Lines from the beginning of the data below through the one containing "Frye Melissa Black" are to be printed exactly as they appear.

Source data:
********

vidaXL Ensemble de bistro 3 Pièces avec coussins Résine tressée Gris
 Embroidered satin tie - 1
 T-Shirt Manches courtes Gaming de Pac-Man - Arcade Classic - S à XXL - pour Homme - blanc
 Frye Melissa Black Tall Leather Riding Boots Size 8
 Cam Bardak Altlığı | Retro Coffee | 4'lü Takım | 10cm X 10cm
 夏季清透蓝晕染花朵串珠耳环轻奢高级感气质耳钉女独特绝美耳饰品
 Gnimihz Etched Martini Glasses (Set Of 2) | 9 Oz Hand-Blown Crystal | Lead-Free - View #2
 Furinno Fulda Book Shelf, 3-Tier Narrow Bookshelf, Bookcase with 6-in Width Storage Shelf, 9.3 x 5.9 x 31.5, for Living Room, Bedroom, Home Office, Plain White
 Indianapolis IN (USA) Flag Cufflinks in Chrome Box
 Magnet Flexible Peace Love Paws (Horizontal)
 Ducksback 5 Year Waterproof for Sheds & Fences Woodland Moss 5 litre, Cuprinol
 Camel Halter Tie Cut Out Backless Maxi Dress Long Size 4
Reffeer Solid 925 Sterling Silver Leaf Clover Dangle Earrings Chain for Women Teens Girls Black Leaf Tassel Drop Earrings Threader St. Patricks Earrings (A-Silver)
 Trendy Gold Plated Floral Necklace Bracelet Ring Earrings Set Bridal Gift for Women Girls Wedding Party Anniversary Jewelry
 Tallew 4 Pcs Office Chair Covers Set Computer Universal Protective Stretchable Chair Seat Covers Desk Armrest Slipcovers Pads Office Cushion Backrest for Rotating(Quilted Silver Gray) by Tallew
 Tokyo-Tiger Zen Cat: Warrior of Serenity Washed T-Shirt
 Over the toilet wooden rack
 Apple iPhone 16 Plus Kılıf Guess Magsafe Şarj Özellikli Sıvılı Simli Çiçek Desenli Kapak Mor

********

» **Final answer**:
vidaXL Ensemble de bistro 3 Pièces avec coussins Résine tressée Gris
 Embroidered satin tie - 1
 T-Shirt Manches courtes Gaming de Pac-Man - Arcade Classic - S à XXL - pour Homme - blanc
 Frye Melissa Black Tall Leather Riding Boots Size 8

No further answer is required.